Discussion and Analysis
Costs incurred in preparing draft motion materials for a motion that was threatened but never brought
[9] Mr. Zeppieri elected to prepare material in anticipation of Ms. Zeppieri’s motion. It was his prerogative to take such action. However, since Ms. Zeppieri never proceeded with her motion, she never commenced “a step in the case” the completion of would have triggered the issue of costs. This step was never commenced. It was never completed and therefore no costs will be awarded.
Costs incurred in efforts to seek clarification from Anna Zeppieri on whether she intended to bring the motion
[10] The Order was issued prior to Rule 24(11). Therefore, the statutory regime pre-enactment of the rule will govern this analysis. The Klimowicz v. Moffat-Klimowiz principle will be considered.
[11] This case is different from Klimowicz v. Moffat-Klimowiz. In that case, Steinberg J. considered a request for costs for a preliminary step completed before another judge. The judge reserved costs to “the judge hearing the motion or cross motion”. Steinberg J. ruled that this provided jurisdiction for the motions judge to address the issue of costs stemming from the preliminary step: Klimowicz v. Moffat-Klimowiz, at paras. 1 and 2.

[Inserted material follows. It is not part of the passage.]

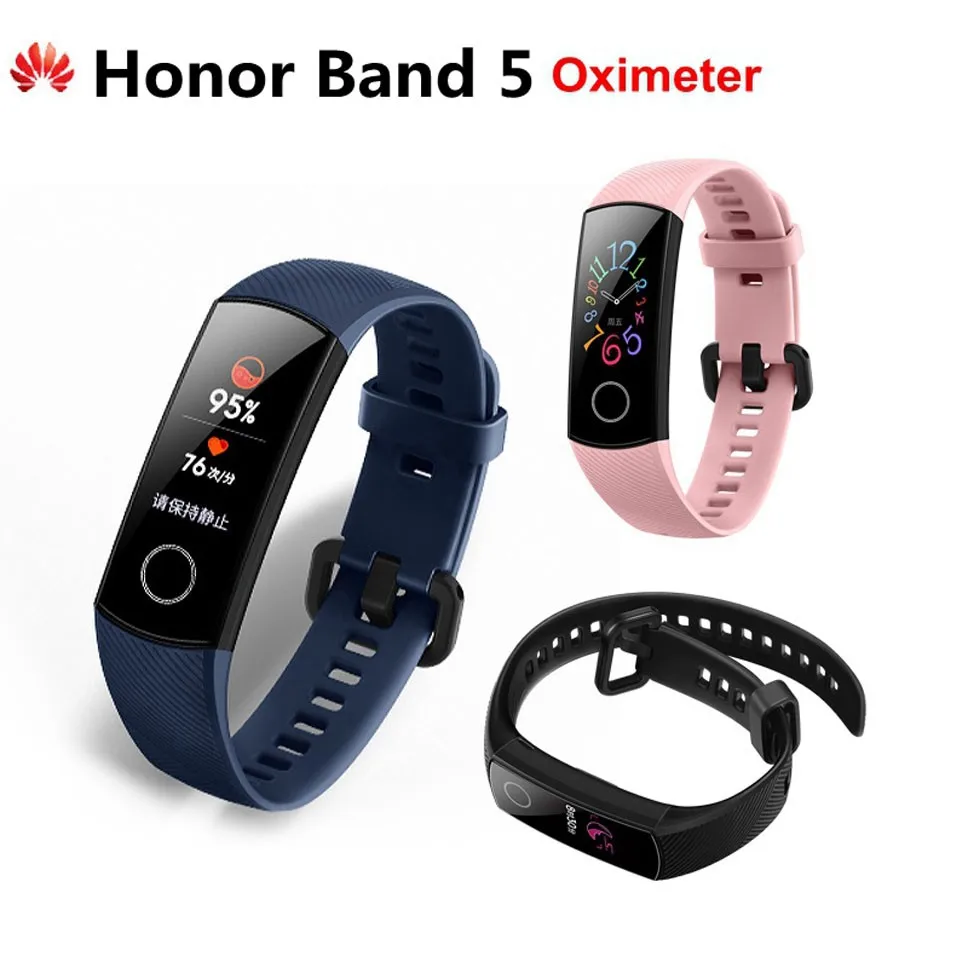 

Huawei Honor Band 5 Smart Wristband With Oximeter AMOLED Smartband Bracelet Swim Posture Detect 5ATM Waterproof Fitness Tracke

[12] Unlike in Klimowicz v. Moffat-Klimowiz and as is typical in consent orders, the Order is silent on the issue of costs. However, Ms. Zeppieri’s actions rendered the settlement discussion unproductive as implementation of the settlement was held in abeyance because of her threat to bring a motion to set aside the Order. This continued for one year and seven months. Thus, Mr. Zeppieri’s efforts to inquire whether Ms. Zeppieri intended to proceed with her motion is directly related to the completion of the step in the case related to the Order. Therefore, the associated costs can properly be considered pursuant to Rule 24(10).
[13] In his communication with Ms. Zeppieri, Mr. Zeppieri made several inquiries of Ms. Zeppieri on the status of her promised motion. He received no response for several months. He threatened to bring a motion to set aside the Order granting her leave to bring her motion. He elected not to follow through on this threat. The motion he threatened would have constituted a new step in the case, the completion of which, will trigger a consideration of whether costs associated with it should be awarded.

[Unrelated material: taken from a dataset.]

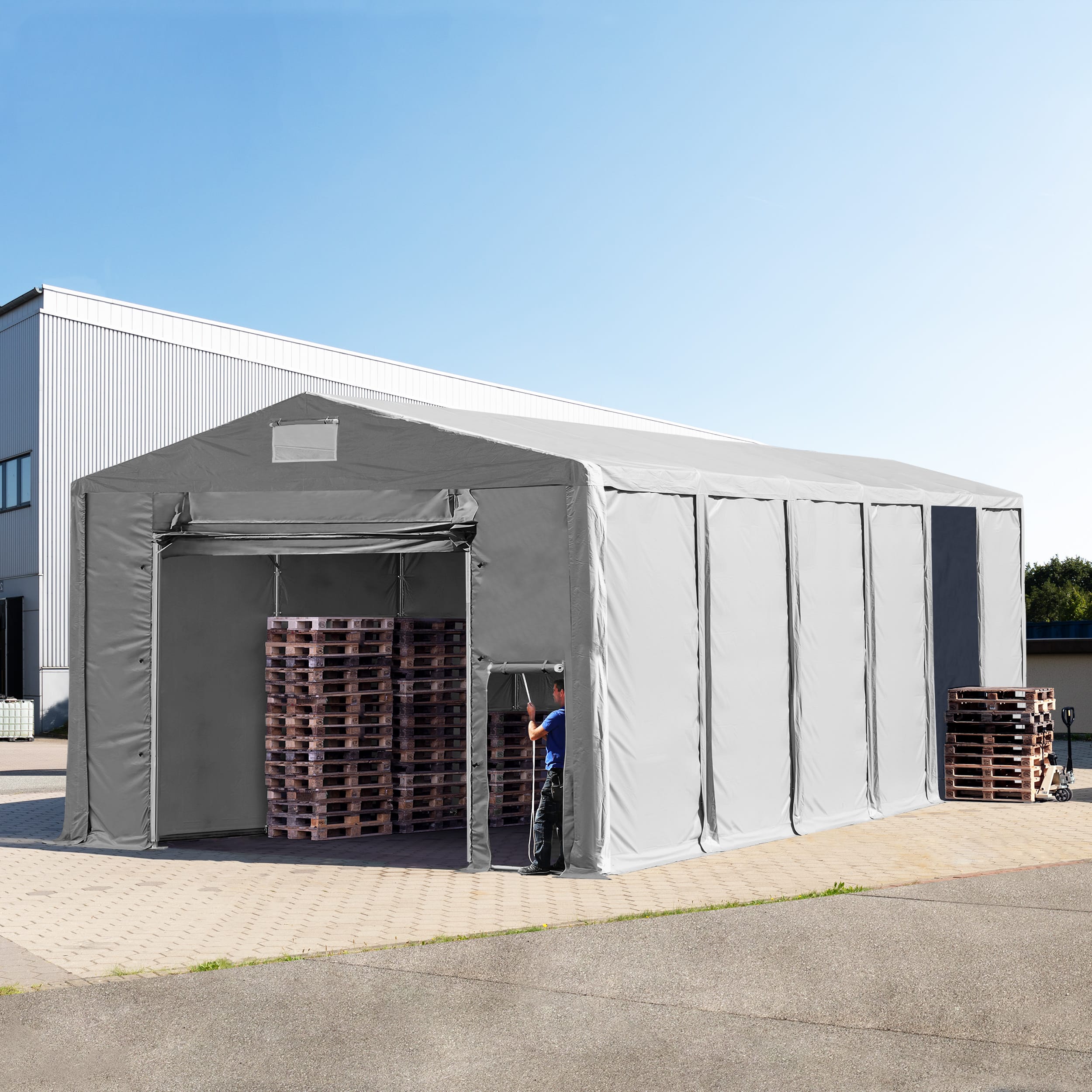 8x12 m Lagerzelt, PVC-Plane, grau, mit Bodenrahmen, mit Statik (Erduntergrund) - (93826) Image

[14] The matters on the motion were settled. The discrete issue of whether costs should be awarded on the basis of Ms. Zeppieri actions was not complex but were of importance to the parties because it was related to the implementation of a settlement. On balance, I do not conclude that Ms. Zeppieri’s actions constituted bad faith. There is evidence that she suffered from an illness that warranted the consideration of the appointment of a litigation guardian. However, her decision to contest the Order and her unresponsiveness to Mr. Zeppieri’s legitimate and reasonable queries caused a lengthy delay of almost two years. Overall, her actions were unreasonable and caused Mr. Zeppieri to incur legal costs to query the status of her promised motion. Counsel’s rates and items billed for communications to determine the motion status is reasonable. It is fair and just in all the circumstances to award costs in the amount of $3,500.00 which Ms. Zeppieri shall pay forthwith.